Foundations of Reasoning with Uncertainty via Real-valued Logics
This work addresses the foundational problem of ensuring correctness and inferential power in neuro-symbolic AI systems, which is incremental as it builds on existing real-valued logic frameworks.
The paper tackles the lack of quantitative characterization of logical inference in real-valued logics used in neuro-symbolic approaches by providing a sound and strongly complete axiomatization that covers essentially every real-valued logic, including fuzzy logics, and offers a decision procedure based on linear programming for logical implication under certain conditions.

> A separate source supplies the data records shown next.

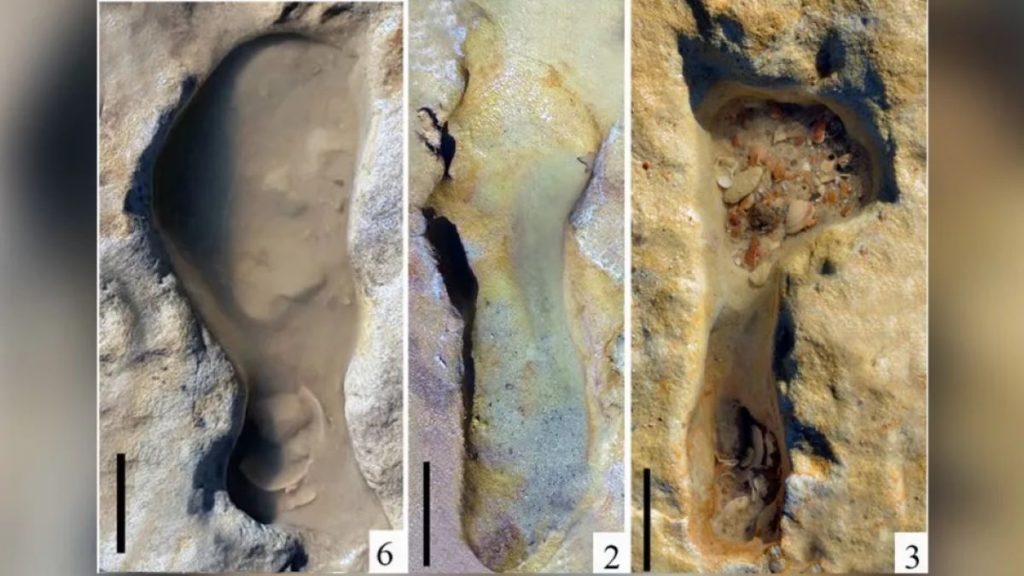 Copii de Neanderthal zburdă pe plajă, acum 100.000 de ani…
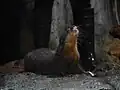 Loutre asiatique Amblonyx cinereus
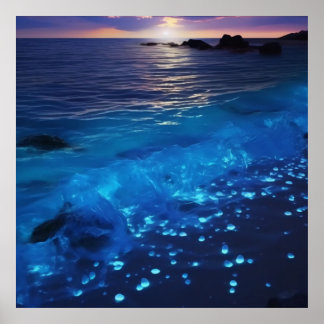 Poster Plage de bioluminescence des eaux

Real-valued logics underlie an increasing number of neuro-symbolic approaches, though typically their logical inference capabilities are characterized only qualitatively. We provide foundations for establishing the correctness and power of such systems. We give a sound and strongly complete axiomatization that can be parametrized to cover essentially every real-valued logic, including all the common fuzzy logics. Our class of sentences are very rich, and each describes a set of possible real values for a collection of formulas of the real-valued logic, including which combinations of real values are possible. Strong completeness allows us to derive exactly what information can be inferred about the combinations of real values of a collection of formulas given information about the combinations of real values of several other collections of formulas. We then extend the axiomatization to deal with weighted subformulas. Finally, we give a decision procedure based on linear programming for deciding, for certain real-valued logics and under certain natural assumptions, whether a set of our sentences logically implies another of our sentences.